Extracted data entries:
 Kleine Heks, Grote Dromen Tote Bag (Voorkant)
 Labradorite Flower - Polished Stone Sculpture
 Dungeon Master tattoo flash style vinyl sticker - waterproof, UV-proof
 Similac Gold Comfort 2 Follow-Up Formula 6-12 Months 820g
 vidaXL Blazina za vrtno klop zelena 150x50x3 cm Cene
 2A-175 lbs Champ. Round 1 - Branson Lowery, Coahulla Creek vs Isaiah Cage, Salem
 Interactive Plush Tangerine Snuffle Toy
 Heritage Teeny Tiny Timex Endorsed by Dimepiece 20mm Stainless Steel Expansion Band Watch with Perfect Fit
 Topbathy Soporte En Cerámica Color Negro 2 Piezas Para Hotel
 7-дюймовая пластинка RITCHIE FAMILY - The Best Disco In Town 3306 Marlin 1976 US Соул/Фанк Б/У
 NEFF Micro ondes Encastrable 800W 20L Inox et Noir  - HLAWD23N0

→ Problem to solve: Copy exactly. Start at the line containing "Heritage Teeny Tiny" and continue through the last line of the records.

→ Exercise result:
 Heritage Teeny Tiny Timex Endorsed by Dimepiece 20mm Stainless Steel Expansion Band Watch with Perfect Fit
 Topbathy Soporte En Cerámica Color Negro 2 Piezas Para Hotel
 7-дюймовая пластинка RITCHIE FAMILY - The Best Disco In Town 3306 Marlin 1976 US Соул/Фанк Б/У
 NEFF Micro ondes Encastrable 800W 20L Inox et Noir  - HLAWD23N0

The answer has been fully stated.